Blue Springs and Union County were a longtime furniture manufacturing center, and she said, “Those folks worked very hard and they’re proud of what they do. That’s the kind of person that Toyota looks for when we’re hiring to build what we think are the world’s best cars. So we’ve had a very good experience.”

The MAMA has what McDaniel described as a broad membership, including associate members not directly with the auto industry but who have an interested is making contacts with the industry, including engineering firms, law firms, accountants and banks. Many are expected to participate in the Biloxi conference. The meeting rotates among Mississippi, Alabama and Tennessee and this will be just the second time Mississippi will serve as host.

“We are fully expecting a minimum of 400,” McDaniel said. “I would be surprised if it doesn’t go over 400.”

The association provides networking opportunities for members “to get together to talk about best practices and to advance the auto industry within the state,” McDaniel said.
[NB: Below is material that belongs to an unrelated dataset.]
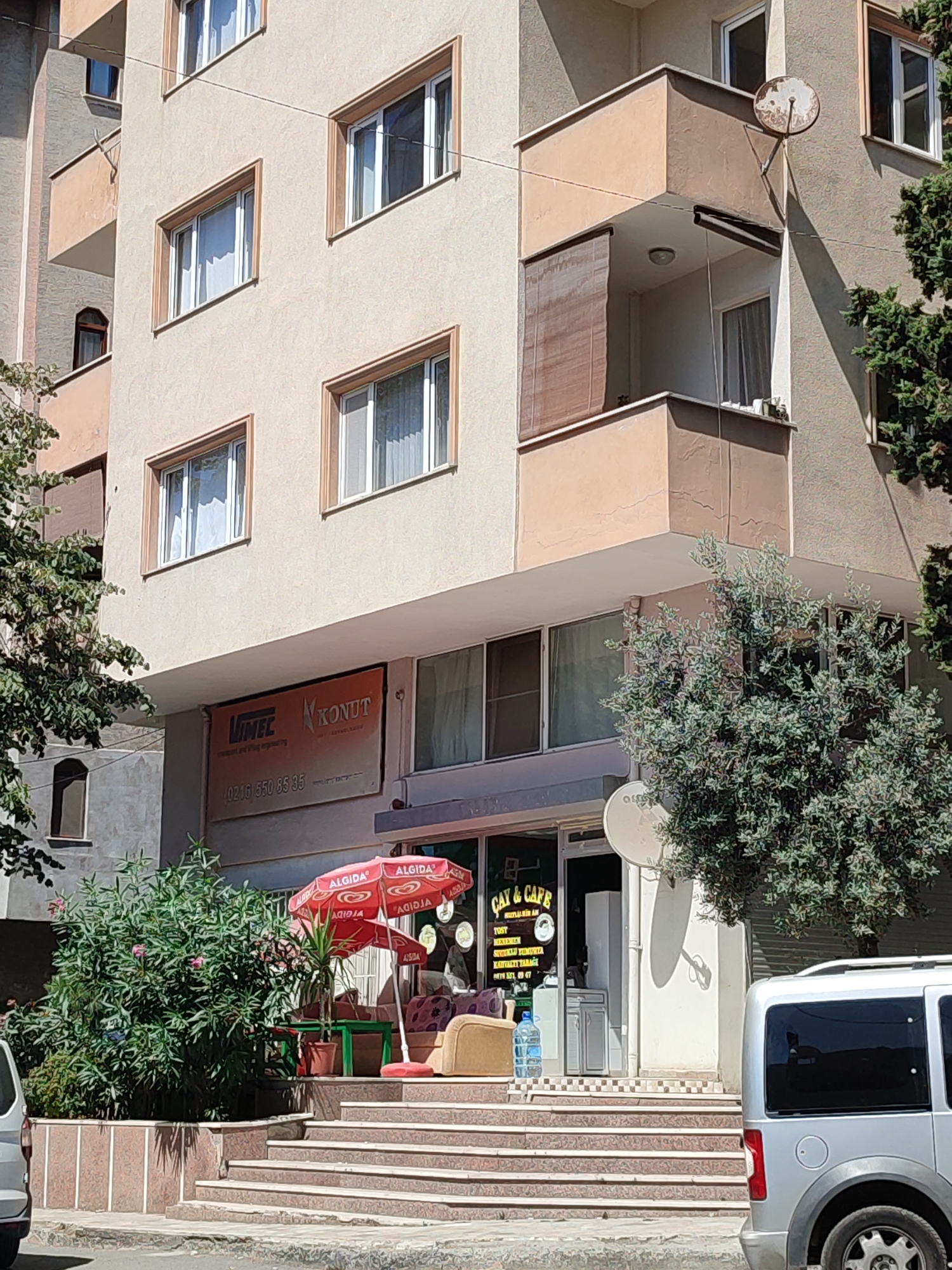 The image captures a street-level view of a commercial building in Kadıköy, Turkey. The building features multiple floors with cream-colored walls and brown-trimmed windows. A satellite dish is mounted on a balcony on the third floor. On the ground floor, a sign for "VINTEC KONUT" is visible, along with a telephone number. To the right, a cafe named "ÇAY & CAFE" is open for business, with red umbrellas providing shade outside. A silver van is parked on the street to the right of the cafe. Green bushes and trees are planted in front of the building, and steps lead up to the cafe entrance. The sky is bright, indicating daytime.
MAMA also awards annual scholarships for those pursuing education in an auto related field.

McDaniel praised the work of the Mississippi Development Authority and the Mississippi State University’s Center for Advanced Vehicular Systems for organizing and supporting the conference. The agenda, she said, is a great drawing card for attendees.

Exhibit space has sold out to 76 exhibitors and there are 30 more on a waiting list. “People really want to come to this event,” she said. “That speaks to the quality lineup from the program side. Anybody who has an interest at all in the auto industry wants to be at this.”